== WORK INSTRUCTION ==
Find the line that holds "Photo of Craftsman" in the material below. Output that line and each one after it exactly, but not the pictures.
(DATA PROVIDED)
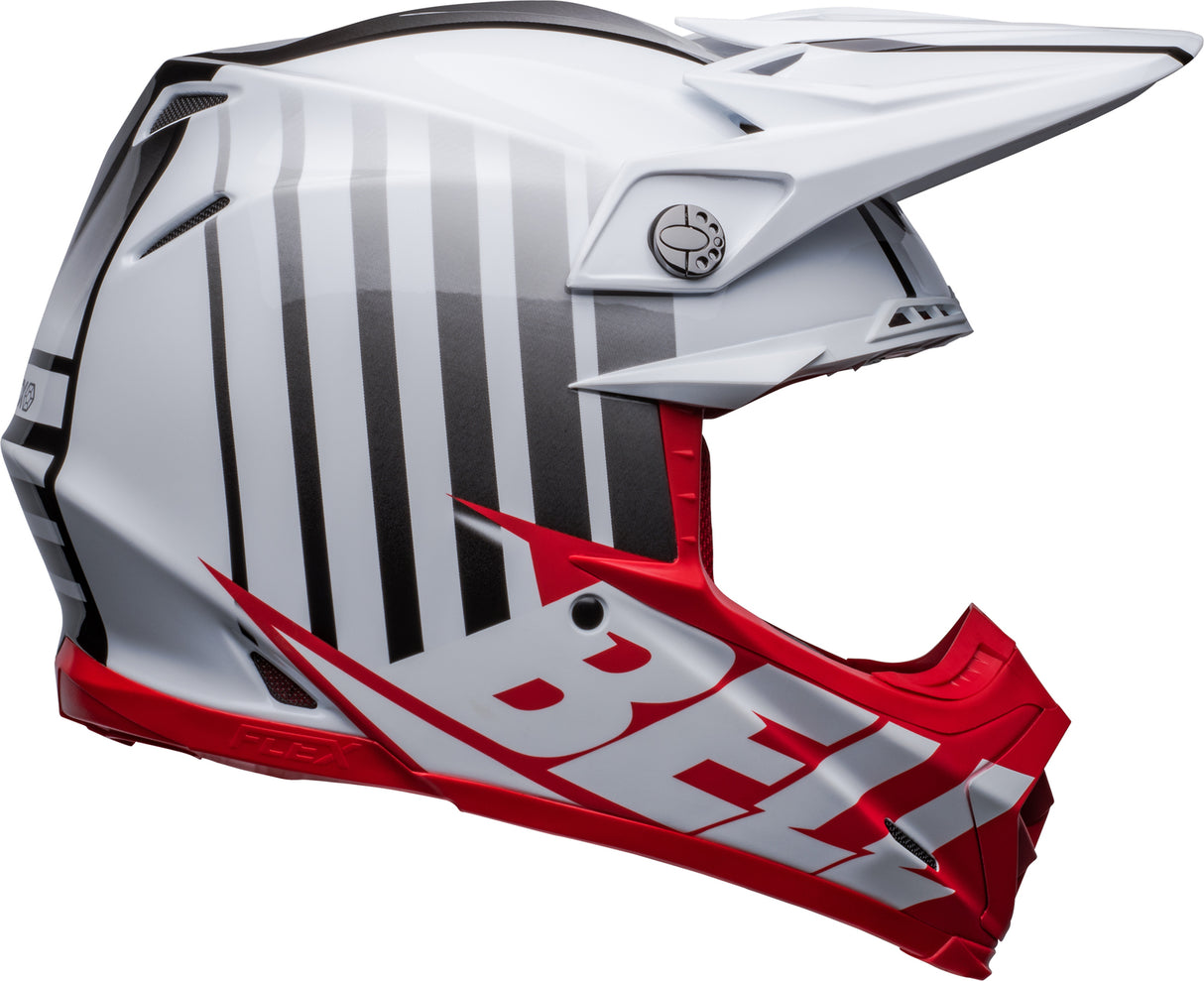 Bell Moto-9S Flex Sprint Matte & Gloss White/Red Helmet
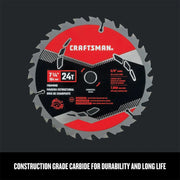Photo of Craftsman circular saw blade CMAS372524, 7-1/4 inch, 24T, red and black face, white background, graphics category.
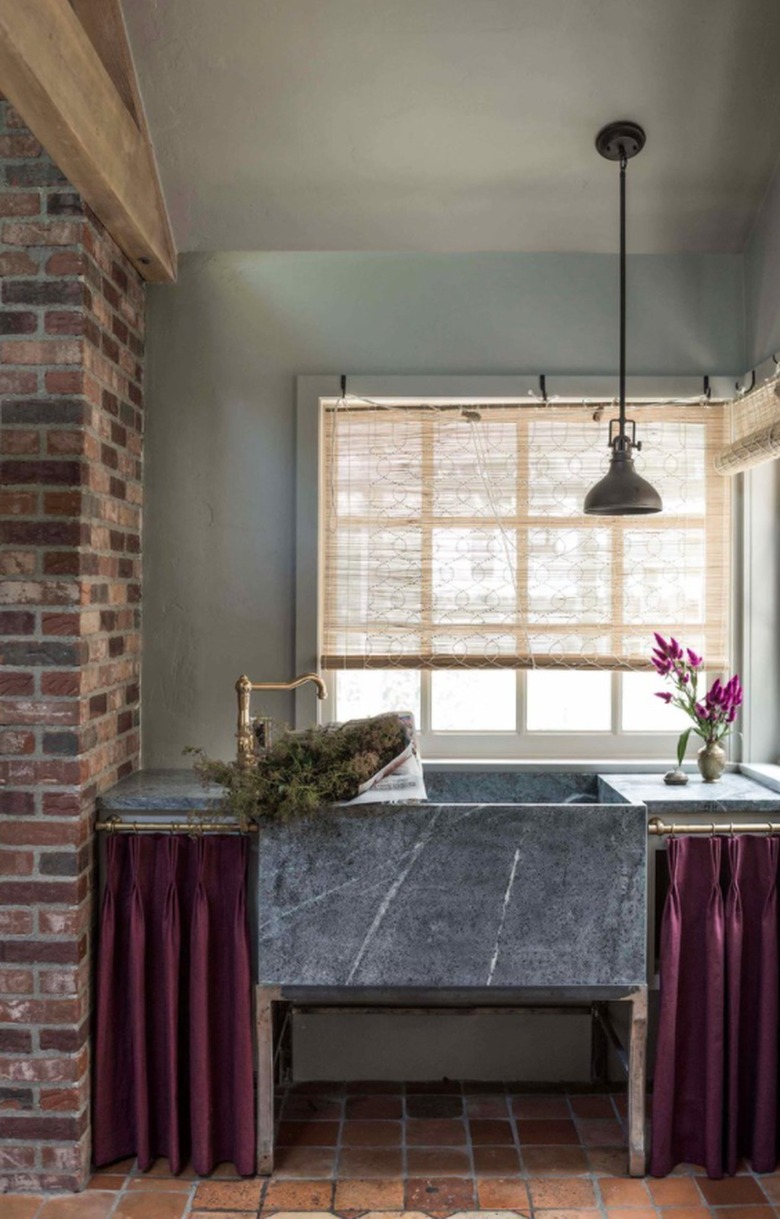 Kitchen with gray marble sink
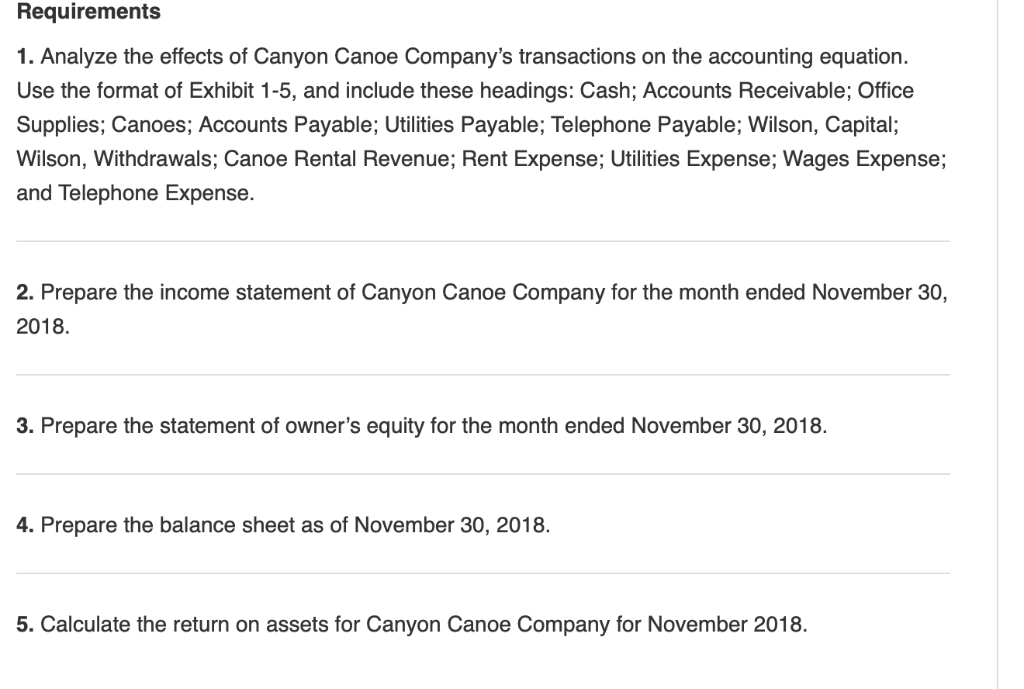 calculating return on assets (ROA) Canyon Canoe Company is a service-based company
(End DATA PROVIDED)
== SOLVED EXERCISE ==
Photo of Craftsman circular saw blade CMAS372524, 7-1/4 inch, 24T, red and black face, white background, graphics category.
 Kitchen with gray marble sink
 calculating return on assets (ROA) Canyon Canoe Company is a service-based company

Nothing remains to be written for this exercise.